The Forest Service has requested comments on the authorization of the ACP on National Forest lands and on the proposed amendments of the Land and Resource Management Plans (LRMPs) that would allow the ACP to be constructed across the Monongahela and George Washington National Forests.
Comments to the Forest Service regarding the authorization of the ACP through National Forest Lands and the proposed amendments to the LRMPs for the Monongahela and George Washington National Forests need to be submitted to FERC. You can file comments online using FERC’s eComment feature (for brief, text-only comments) or eFiling feature (for longer comments). You can also mail comments to FERC at the address below:
Nathaniel J. Davis, Sr., Deputy Secretary
Federal Energy Regulatory Commission
888 First Street NE, Room 1A
Washington, DC 20426
As always, remember to include the ACP’s project docket number when submitting comments to FERC: CP15-554-000. Comments are due by April 10, 2017.

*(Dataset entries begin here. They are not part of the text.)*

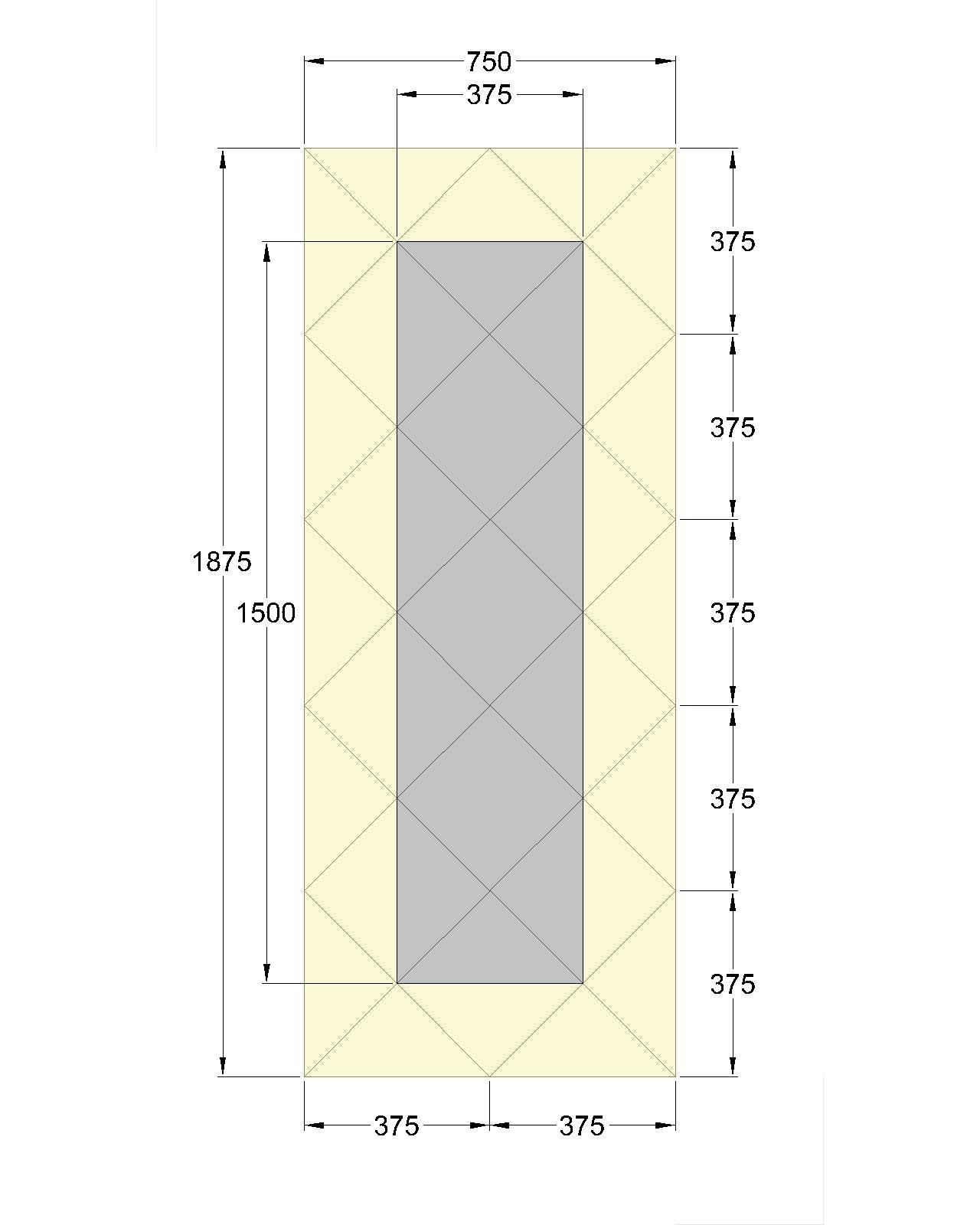 Faceted Mirror 750 x 1875 Gray with Bronze Perimeter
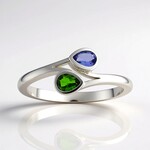 Anello in argento con Diopside Russo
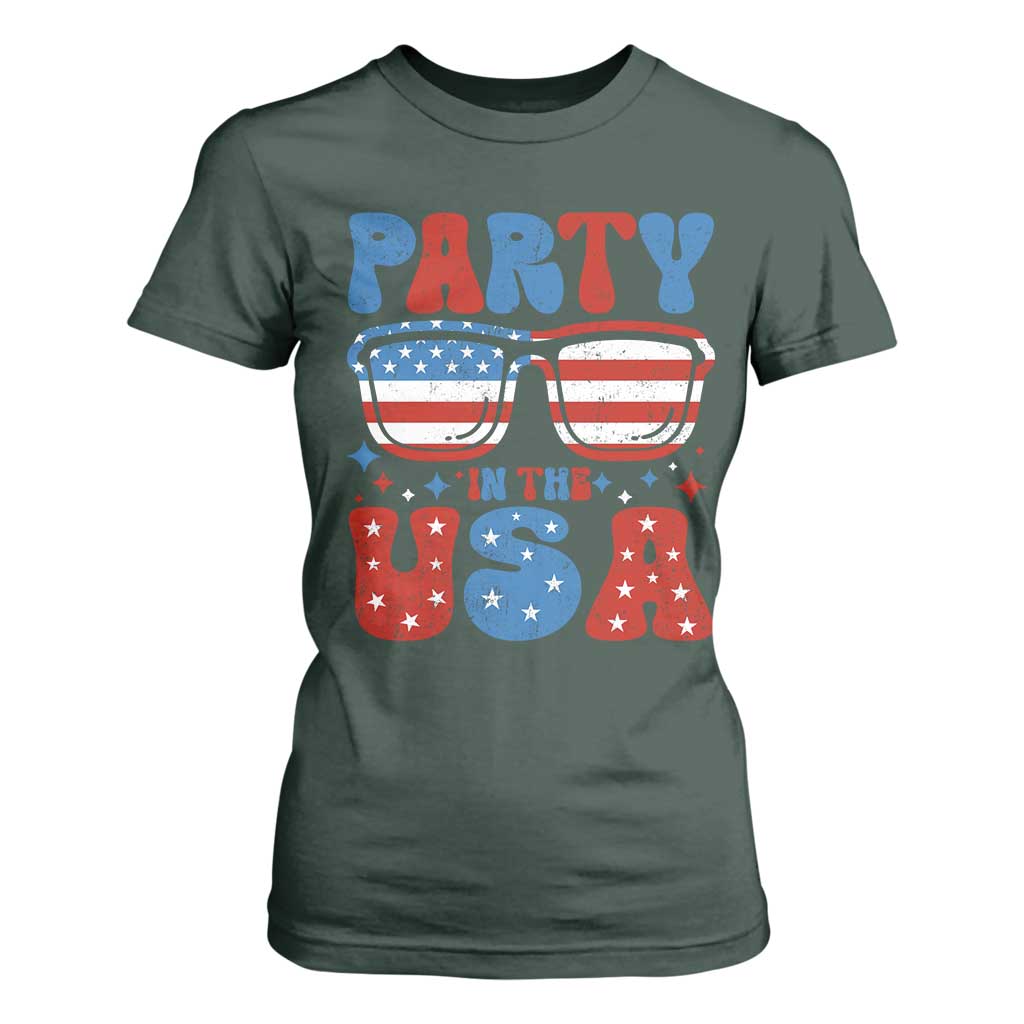 Party in The USA T Shirt For Women 4th of July Independence Day TS10 Dark Forest Green Print Your Wear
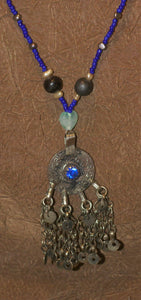 UNIQUE HAND CRAFTED RARE VINTAGE ETHNIC AFGHANISTAN KUCHI (KOCHI) NOMAD TRIBE JEWELRY, REAL PEARLS & OLD TRADE BEADS NECKLACE WITH PENDANT ADORNED WITH BELL FRINGES & BLUE STONE, FUSION CHEST ORNEMENT COLLECTED IN LATE 1900’S, MIDDLE EAST (NECK AFGA2)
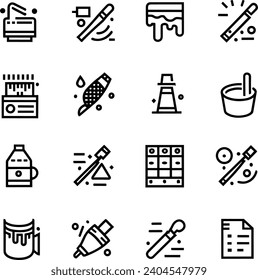 Conjunto simple y en blanco y negro de pinceles e iconos de línea de vectores relacionados con la pintura. Contiene iconos como pulverización, paleta de color, cubo de pintura y más trazos editables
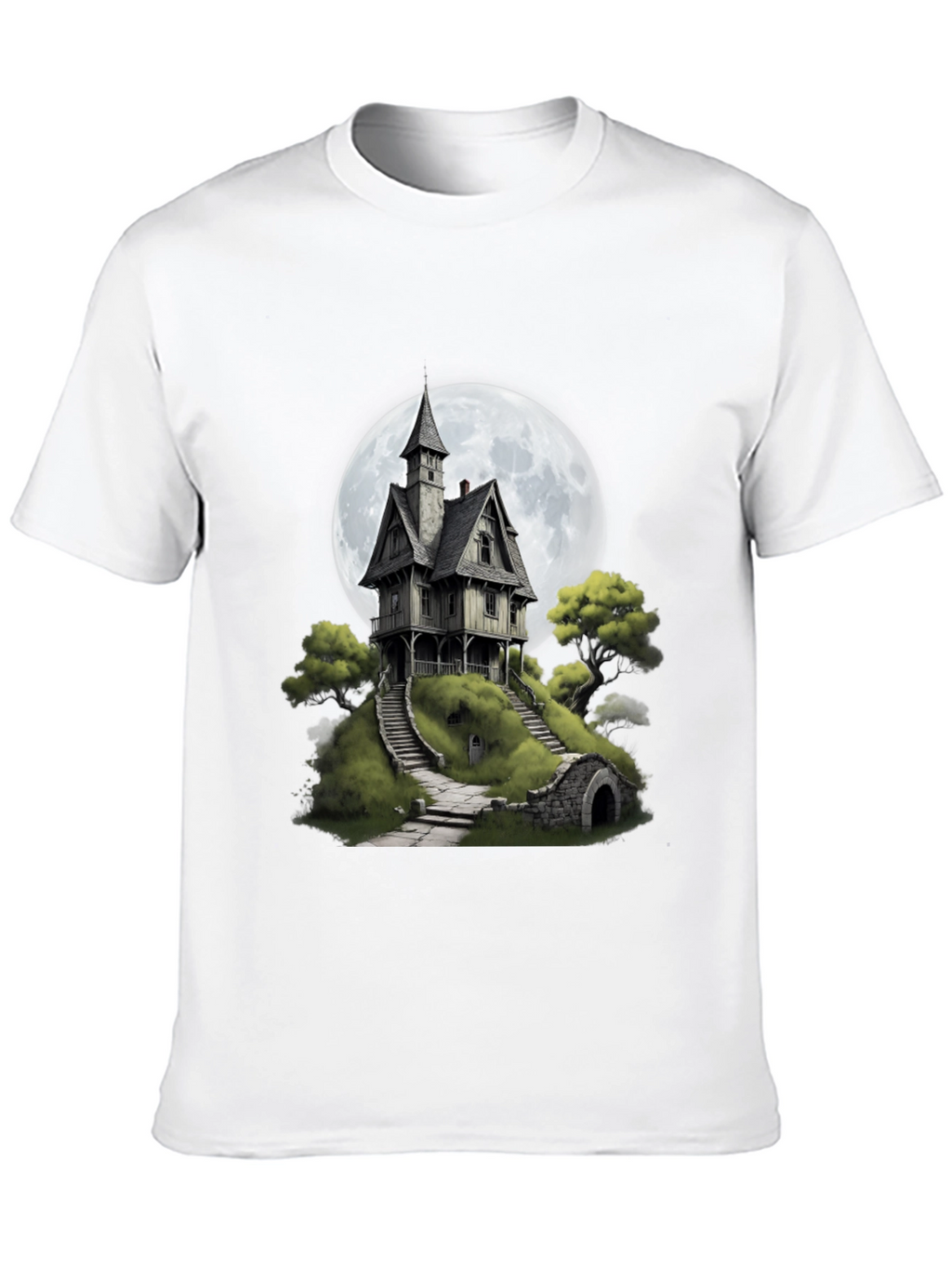 Haunted House T-Shirt - Spooky Full Moon Design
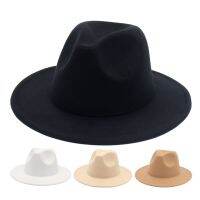 Formal Dress Jazz Hats For Men Classic Vintage Unisex British Style Solid Felt Hats Imitation Wool Black Fedora Hats For Women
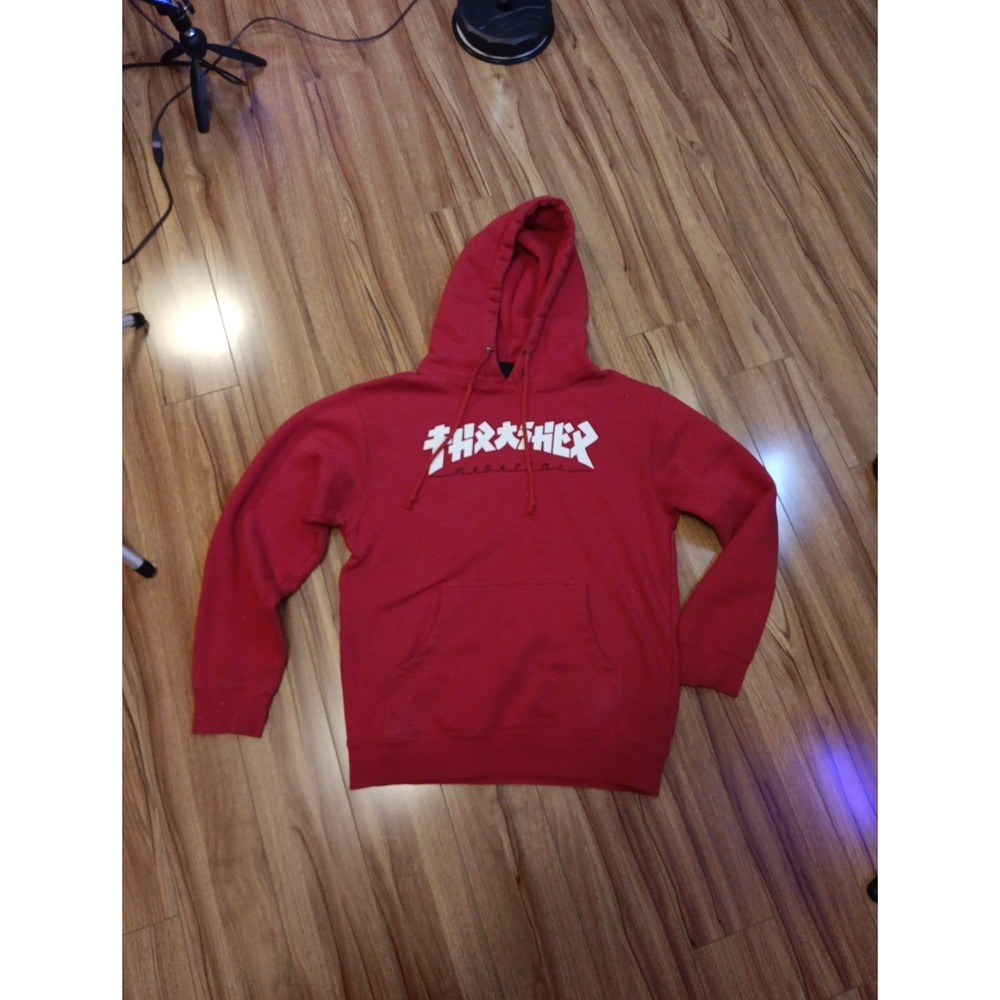 Thrasher‎ Hoodie Mens Small Red Skateboard Skate Mag Japanese Graphic Streetwear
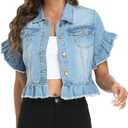 MISS MOLY Women's Denim Jacket Ruffle Sleeve Button Down Distressed Summer Cropped Jean Jackets, Small
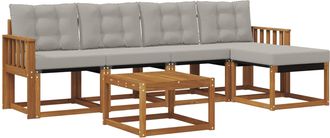vidaXL Conjunto De Sof&aacute;s De Exterior 6 Uds. Natural Y Gris Claro Vidaxl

In order for the ACP to be built across National Forest lands, the Forest Service would need to authorize the pipeline crossing, issue a special use permit, and amend the LRMPs for both National Forests, as the current LRMPs do not permit such large-scale infrastructure construction. Amendments to the LMRPs would allow the ACP to exceed current Forest Service standards for soils and water, cross the Appalachian trail, remove old growth trees, fail to meet current Scenic Integrity Objectives, and construct access roads in the National Forests. For more information about the specific amendments to the LRMPs for the National Forests, please see the Federal Energy Regulatory Commission’s (FERC’s) Notice of Availability of the Draft Environmental Impact Statement (DEIS) for the ACP.
For background on Forest Service frustrations with Dominions incomplete and evasive answers to their questions, see the February 22, 2017 letter to Monongahela Forest supervisor Clyde Thompson from James Thompson, a West Virginia University professor and specialist in soils and land use who has been contracted by the Forest Service as a third-party reviewer for the pipeline project, discusses in detail Dominion’s failures.